Exercise prompt:
Your answer must be the line containing "Inviting bedroom featuring" and each following line to the end of the listing below, copied exactly, with pictures removed and nothing added.

******

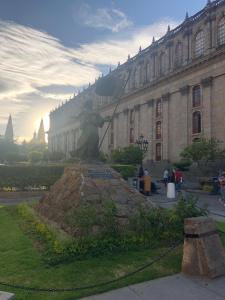 a statue of a woman in front of a building at Hotel Occidental in Guadalajara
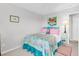 Inviting bedroom featuring vibrant linens, a comfortable bed, and coordinated décor at 140 South Cove Pl. # 6C, Pawleys Island, SC 29585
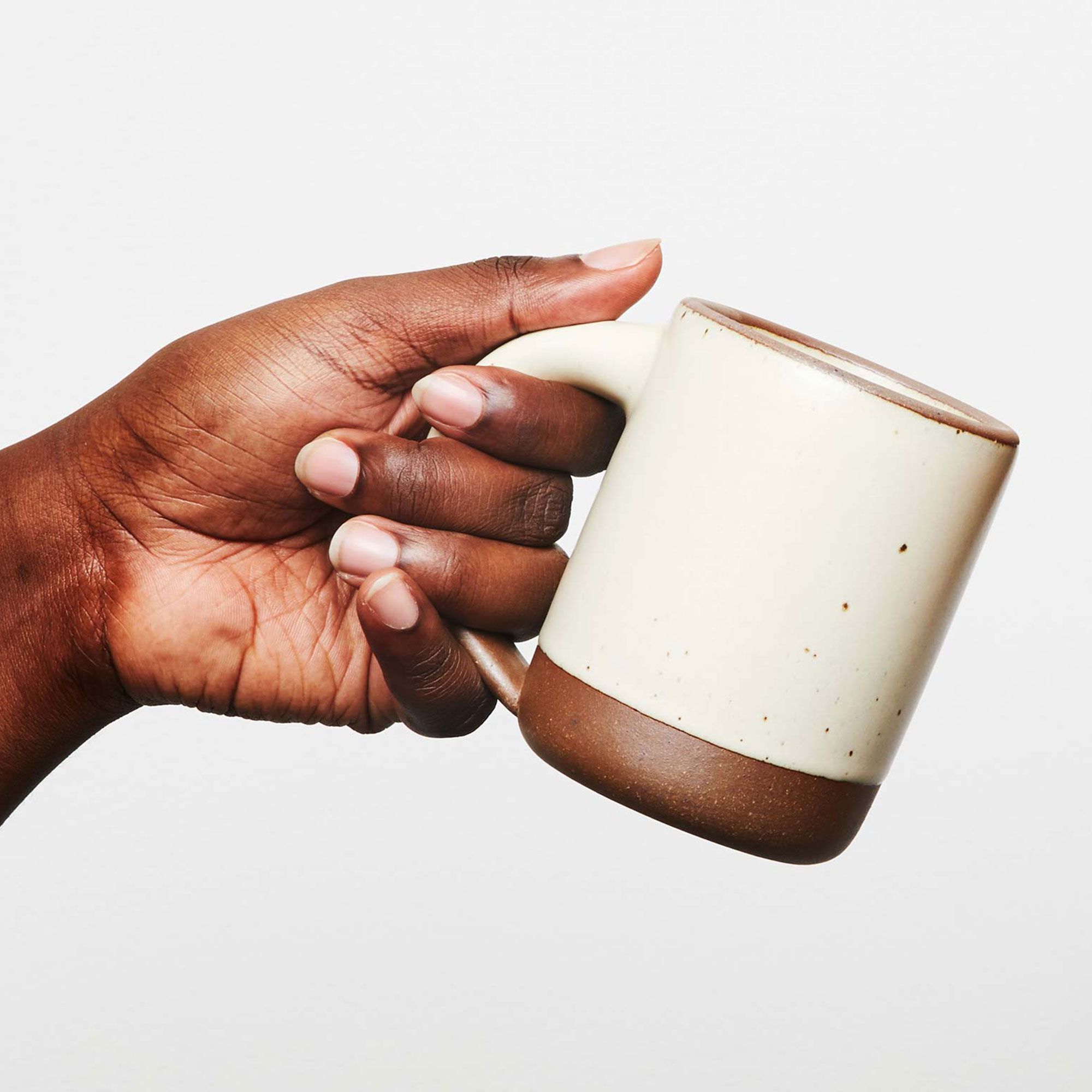 A hand holding a medium sized ceramic mug with handle in a warm, tan-toned, off-white color featuring iron speckles and unglazed rim and bottom base.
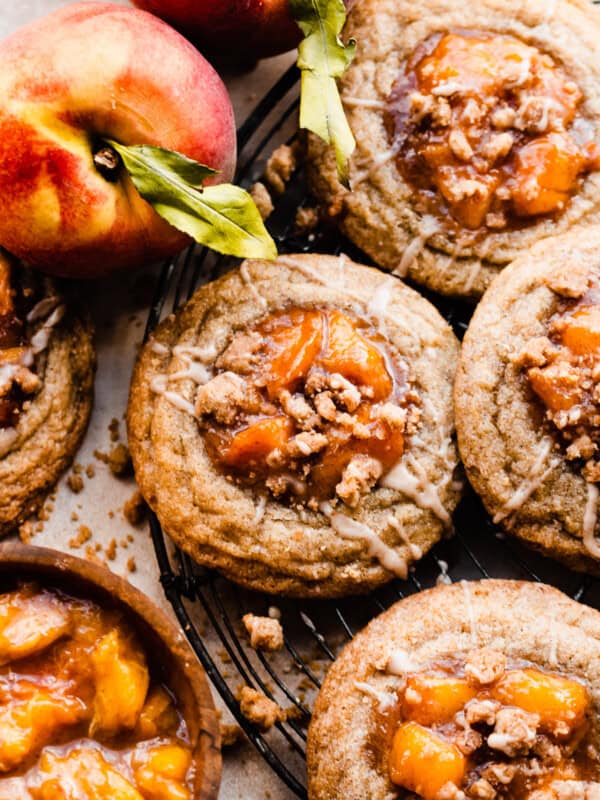 Peach cookies on a vintage wire rack.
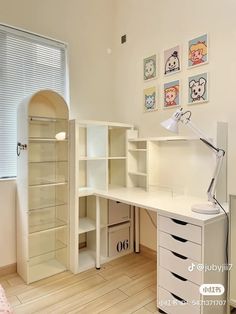 a white desk with drawers and a lamp on top of it next to a window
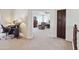 Bright bedroom featuring a comfortable workstation and relaxation area with a cozy recliner at 43525 W Cydnee Dr, Maricopa, AZ 85138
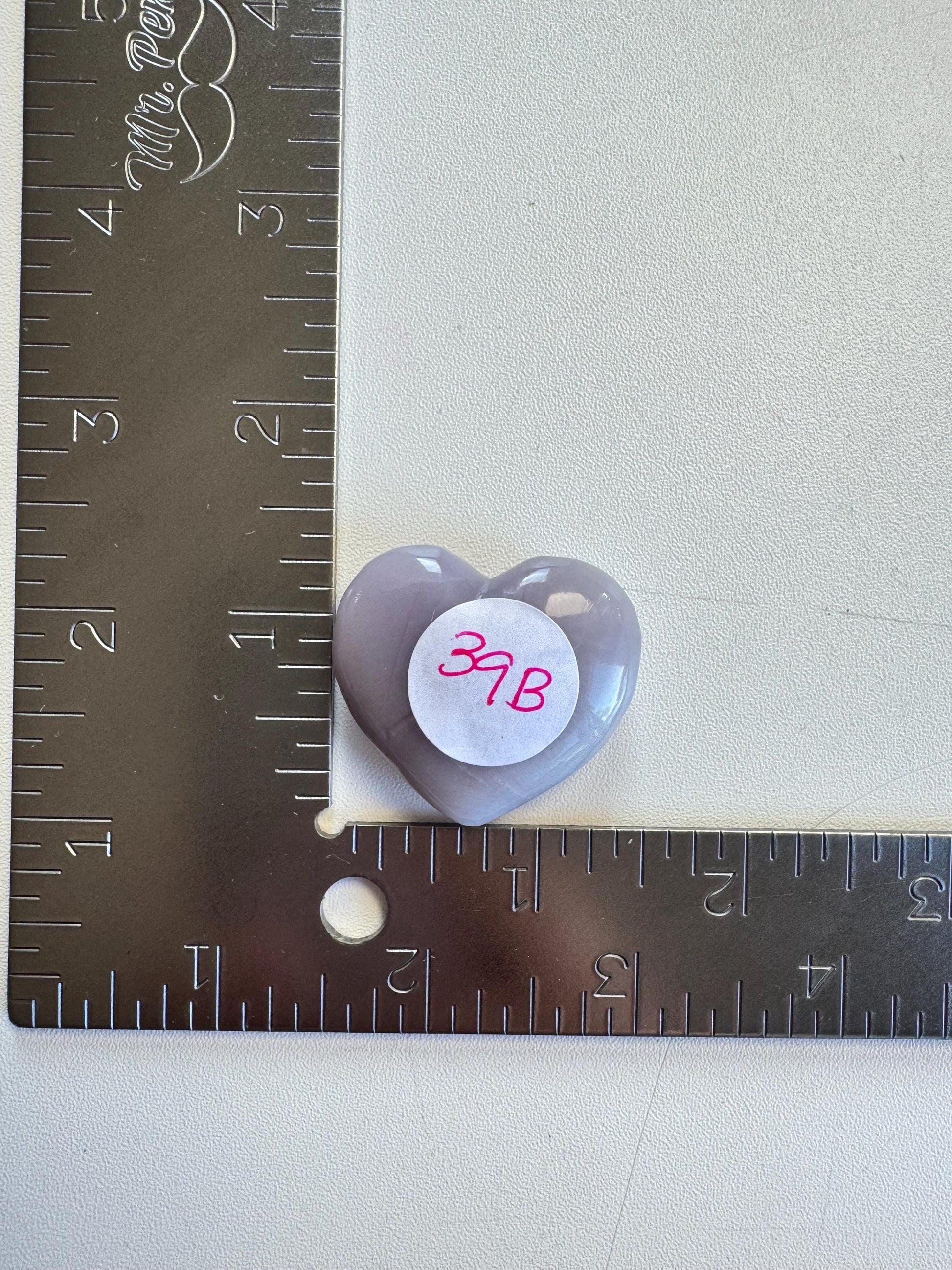 A Lavender Fluorite Heart Carving from Mexico ("37B") is shown beside a metal ruler marked in inches.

******

Response to the task:
 Inviting bedroom featuring vibrant linens, a comfortable bed, and coordinated décor at 140 South Cove Pl. # 6C, Pawleys Island, SC 29585
 A hand holding a medium sized ceramic mug with handle in a warm, tan-toned, off-white color featuring iron speckles and unglazed rim and bottom base.
 Peach cookies on a vintage wire rack.
 a white desk with drawers and a lamp on top of it next to a window
 Bright bedroom featuring a comfortable workstation and relaxation area with a cozy recliner at 43525 W Cydnee Dr, Maricopa, AZ 85138
 A Lavender Fluorite Heart Carving from Mexico ("37B") is shown beside a metal ruler marked in inches.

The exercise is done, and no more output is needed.